From the day those of us received our diagnosis, we have no idea what course our disease will take. What will be affected, in what way or how rapidly will we be affected, and how disabled will we become? MS is unpredictable and uncontrollable; the losses never stop, the grieving process never ends.
There are new drugs that are trying to slow the progression, and meds to help with relieving symptoms and shortening relapses. But they all have side effects. Nothing is available yet to prevent MS or restore most function lost resulting from its damaging effects. However, there are many things one can do to manage it effectively.

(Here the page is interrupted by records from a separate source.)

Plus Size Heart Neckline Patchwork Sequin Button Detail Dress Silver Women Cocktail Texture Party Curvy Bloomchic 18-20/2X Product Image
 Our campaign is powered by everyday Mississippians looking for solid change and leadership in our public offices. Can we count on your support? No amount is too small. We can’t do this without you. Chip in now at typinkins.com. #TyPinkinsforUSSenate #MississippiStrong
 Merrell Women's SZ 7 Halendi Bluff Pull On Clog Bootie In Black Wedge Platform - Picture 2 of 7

Peer-to-peer, we understand it, share our stories and how we cope with MS. We count on our peers, close family/friends and MS organizations for knowledge and support to help us manage it during our lifetime.
But we would like more. We want everyone to know and understand what MS is all about, not just be aware of MS being something that people walk for or bike for. The more people that UNDERSTAND multiple sclerosis, the less we with MS feel we’ll be misunderstood, ignored and forgotten.
Let’s all get started now: hand, send or post this article to everyone you know. Do it today!